Avec Jérémie Rénier, Laurent Lucas et Cylia Malki
Janvier 2004, 109 minutes

Nous sommes en France, aujourd'hui. Dès les trois premiers plans de ce film, on s'interroge sur l'absurdité de notre société. Tout d'abord une plage de l'Atlantique couverte d'une foule de baigneurs. On suppose qu'il doit y avoir du sable en dessous. Ensuite des couloirs de métro avec des flots de gens anxieux courant vers leur travail. Puis le quartier de la Défense avec ses tours abritant des entreprises financières, posées au milieu de grands espaces vides. On pénètre dans l'une de ces tours. Rapidement, le film est en prise directe avec une actualité sociale brûlante et banale depuis bientôt trente ans : des décideurs au service de gros actionnaires mènent rondement une activité destructrice du travail vivant.

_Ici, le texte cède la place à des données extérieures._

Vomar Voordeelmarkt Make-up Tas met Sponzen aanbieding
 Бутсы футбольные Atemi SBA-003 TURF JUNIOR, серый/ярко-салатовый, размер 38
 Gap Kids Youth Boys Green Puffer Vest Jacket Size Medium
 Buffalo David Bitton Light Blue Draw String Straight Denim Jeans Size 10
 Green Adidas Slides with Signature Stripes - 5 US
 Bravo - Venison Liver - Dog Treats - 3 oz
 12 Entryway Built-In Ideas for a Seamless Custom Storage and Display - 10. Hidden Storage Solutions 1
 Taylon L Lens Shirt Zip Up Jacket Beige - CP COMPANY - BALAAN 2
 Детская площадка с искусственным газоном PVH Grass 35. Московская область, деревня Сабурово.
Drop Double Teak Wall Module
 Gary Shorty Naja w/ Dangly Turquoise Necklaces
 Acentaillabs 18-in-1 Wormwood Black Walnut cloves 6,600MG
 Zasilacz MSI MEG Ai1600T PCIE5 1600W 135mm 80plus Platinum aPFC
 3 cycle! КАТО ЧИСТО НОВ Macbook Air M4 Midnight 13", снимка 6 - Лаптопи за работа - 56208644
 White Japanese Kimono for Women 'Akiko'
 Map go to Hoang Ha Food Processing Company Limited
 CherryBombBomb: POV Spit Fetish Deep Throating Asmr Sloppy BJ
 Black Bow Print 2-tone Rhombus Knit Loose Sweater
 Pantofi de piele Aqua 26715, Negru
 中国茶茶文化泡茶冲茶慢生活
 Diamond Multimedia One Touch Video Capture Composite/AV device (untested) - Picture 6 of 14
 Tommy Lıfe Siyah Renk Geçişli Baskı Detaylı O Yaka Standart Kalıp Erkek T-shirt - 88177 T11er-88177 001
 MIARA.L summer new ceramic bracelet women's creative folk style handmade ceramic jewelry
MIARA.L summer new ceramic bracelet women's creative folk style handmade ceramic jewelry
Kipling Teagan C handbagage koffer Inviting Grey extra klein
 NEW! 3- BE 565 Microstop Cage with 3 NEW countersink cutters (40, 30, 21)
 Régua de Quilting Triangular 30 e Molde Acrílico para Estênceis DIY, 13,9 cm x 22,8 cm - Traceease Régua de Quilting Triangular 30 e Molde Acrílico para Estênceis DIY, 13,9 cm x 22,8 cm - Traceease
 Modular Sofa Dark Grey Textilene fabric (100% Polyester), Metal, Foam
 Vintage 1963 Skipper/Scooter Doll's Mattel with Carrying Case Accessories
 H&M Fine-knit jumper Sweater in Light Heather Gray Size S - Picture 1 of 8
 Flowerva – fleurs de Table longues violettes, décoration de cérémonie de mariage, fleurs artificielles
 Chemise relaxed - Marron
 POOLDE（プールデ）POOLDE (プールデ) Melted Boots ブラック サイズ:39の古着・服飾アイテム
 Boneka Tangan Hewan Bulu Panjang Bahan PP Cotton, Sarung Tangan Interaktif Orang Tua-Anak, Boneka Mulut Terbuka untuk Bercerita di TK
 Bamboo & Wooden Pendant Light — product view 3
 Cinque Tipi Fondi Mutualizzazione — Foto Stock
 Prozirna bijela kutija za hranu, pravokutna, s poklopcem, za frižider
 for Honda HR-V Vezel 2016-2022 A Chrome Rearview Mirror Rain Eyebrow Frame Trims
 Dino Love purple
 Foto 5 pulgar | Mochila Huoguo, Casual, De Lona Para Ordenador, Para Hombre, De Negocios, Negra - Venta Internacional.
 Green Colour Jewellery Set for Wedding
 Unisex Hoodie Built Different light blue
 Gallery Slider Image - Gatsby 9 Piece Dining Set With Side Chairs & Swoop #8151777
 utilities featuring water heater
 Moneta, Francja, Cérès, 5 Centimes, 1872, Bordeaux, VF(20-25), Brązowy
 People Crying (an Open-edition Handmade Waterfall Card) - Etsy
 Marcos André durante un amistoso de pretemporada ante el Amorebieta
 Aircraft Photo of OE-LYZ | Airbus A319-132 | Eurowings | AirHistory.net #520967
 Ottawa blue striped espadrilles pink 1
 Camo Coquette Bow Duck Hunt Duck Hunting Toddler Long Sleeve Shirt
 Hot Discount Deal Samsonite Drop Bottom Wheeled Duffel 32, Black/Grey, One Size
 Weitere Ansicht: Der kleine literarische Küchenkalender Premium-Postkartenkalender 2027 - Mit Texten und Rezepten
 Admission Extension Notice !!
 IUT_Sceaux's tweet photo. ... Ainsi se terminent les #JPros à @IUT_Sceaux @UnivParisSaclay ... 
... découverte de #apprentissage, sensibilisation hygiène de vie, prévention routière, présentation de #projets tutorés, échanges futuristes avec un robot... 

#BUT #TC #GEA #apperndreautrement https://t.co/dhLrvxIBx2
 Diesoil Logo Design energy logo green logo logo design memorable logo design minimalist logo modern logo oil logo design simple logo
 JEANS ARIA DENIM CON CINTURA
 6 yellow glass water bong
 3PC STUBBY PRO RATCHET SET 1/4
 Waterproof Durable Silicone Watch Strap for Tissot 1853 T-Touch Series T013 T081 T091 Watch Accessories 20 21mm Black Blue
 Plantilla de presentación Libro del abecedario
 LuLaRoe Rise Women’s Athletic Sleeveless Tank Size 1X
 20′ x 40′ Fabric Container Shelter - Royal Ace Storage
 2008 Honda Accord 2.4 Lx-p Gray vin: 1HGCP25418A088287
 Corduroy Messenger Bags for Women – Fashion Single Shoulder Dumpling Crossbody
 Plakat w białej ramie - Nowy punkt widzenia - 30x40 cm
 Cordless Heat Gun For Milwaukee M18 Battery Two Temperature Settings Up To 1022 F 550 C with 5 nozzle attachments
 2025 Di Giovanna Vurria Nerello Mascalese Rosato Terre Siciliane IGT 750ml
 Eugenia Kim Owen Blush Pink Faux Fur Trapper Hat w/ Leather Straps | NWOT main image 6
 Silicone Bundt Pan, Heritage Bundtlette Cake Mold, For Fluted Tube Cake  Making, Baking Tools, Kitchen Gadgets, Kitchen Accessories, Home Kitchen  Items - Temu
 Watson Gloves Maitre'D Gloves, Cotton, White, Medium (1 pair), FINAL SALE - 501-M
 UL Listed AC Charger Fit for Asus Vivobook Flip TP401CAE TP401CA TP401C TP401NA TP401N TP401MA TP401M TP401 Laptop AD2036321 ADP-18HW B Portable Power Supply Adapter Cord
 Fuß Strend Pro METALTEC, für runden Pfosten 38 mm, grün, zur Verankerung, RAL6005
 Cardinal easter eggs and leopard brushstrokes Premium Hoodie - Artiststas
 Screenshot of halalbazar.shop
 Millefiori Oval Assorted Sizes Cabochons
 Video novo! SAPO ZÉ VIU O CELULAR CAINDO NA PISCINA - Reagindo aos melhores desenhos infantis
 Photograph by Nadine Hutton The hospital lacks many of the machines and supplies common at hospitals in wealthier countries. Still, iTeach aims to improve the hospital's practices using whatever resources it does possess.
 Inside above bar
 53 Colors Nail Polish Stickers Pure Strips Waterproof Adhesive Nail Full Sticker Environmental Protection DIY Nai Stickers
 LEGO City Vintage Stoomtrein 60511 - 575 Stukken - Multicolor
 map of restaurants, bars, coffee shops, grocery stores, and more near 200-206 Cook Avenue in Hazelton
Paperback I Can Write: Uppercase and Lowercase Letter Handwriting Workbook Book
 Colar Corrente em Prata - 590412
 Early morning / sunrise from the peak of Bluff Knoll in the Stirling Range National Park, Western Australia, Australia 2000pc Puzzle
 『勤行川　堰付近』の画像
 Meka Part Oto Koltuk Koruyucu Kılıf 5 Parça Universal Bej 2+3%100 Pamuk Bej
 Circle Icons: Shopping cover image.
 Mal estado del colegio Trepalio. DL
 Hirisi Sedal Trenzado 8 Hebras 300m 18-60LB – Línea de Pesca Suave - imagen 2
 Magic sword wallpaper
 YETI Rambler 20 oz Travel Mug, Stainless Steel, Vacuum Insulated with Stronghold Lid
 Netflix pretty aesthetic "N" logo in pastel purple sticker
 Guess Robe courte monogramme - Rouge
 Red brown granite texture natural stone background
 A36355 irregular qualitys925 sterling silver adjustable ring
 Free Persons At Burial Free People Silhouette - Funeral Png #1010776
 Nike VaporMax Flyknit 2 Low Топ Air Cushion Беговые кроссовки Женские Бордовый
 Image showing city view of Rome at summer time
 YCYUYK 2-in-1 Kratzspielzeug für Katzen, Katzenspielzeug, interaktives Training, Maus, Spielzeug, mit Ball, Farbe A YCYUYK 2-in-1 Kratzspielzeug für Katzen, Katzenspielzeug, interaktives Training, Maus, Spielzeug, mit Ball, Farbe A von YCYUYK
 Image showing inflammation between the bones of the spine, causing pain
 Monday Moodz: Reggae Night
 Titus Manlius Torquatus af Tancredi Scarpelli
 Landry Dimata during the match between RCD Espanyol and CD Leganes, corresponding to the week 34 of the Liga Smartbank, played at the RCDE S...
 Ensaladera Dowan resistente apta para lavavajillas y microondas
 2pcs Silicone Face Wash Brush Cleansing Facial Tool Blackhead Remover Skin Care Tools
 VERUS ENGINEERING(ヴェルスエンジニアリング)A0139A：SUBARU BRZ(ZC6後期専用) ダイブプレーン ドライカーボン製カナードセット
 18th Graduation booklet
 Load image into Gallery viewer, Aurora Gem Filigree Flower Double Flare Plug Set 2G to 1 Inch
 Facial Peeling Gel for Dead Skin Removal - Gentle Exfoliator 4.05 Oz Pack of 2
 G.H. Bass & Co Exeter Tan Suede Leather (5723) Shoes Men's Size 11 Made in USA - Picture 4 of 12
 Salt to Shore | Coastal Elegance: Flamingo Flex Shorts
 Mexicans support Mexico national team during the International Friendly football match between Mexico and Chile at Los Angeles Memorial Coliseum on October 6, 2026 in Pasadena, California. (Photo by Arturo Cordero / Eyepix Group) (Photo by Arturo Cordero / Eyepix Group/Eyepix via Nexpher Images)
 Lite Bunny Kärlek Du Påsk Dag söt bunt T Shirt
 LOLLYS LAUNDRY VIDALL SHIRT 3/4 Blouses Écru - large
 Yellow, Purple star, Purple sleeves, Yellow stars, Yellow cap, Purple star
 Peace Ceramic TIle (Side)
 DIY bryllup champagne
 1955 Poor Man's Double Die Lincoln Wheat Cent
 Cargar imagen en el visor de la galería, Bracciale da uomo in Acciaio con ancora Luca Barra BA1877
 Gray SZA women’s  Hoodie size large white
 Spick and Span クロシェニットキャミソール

On peut résumer cette activité en peu de mots : l'organisation de la surexploitation et des licenciements. Ce film décrit un épisode de cette guerre économique avec un réalisme minutieux, implacable, sans volonté démonstrative. La réalité parle d'elle-même et elle accuse.

Le héros principal de l'histoire est en apparence Philippe, un jeune cadre prometteur qui fait ses débuts dans un cabinet d'audit réputé, Mac Gregor Consulting. Mais Philippe n'est qu'un engrenage d'une vaste machinerie. Le vrai « héros », celui qu'on ne voit jamais à l'écran, l'acteur passablement abstrait qui tire toutes les ficelles, est un grand groupe capitaliste qui convoite l'achat d'une usine en province. Pour évaluer la profitabilité de l'opération avant de se lancer, le groupe prédateur a recours aux services du cabinet Mac Gregor Consulting. Ce cabinet propose des mesures d'intensification du rendement du personnel et suggère les meilleurs plans de licenciements pour les patrons. Un cabinet d'audit est une sorte de commando préparant le terrain à une armée d'invasion faisant une OPA sur un nouveau territoire susceptible de générer de gros profits.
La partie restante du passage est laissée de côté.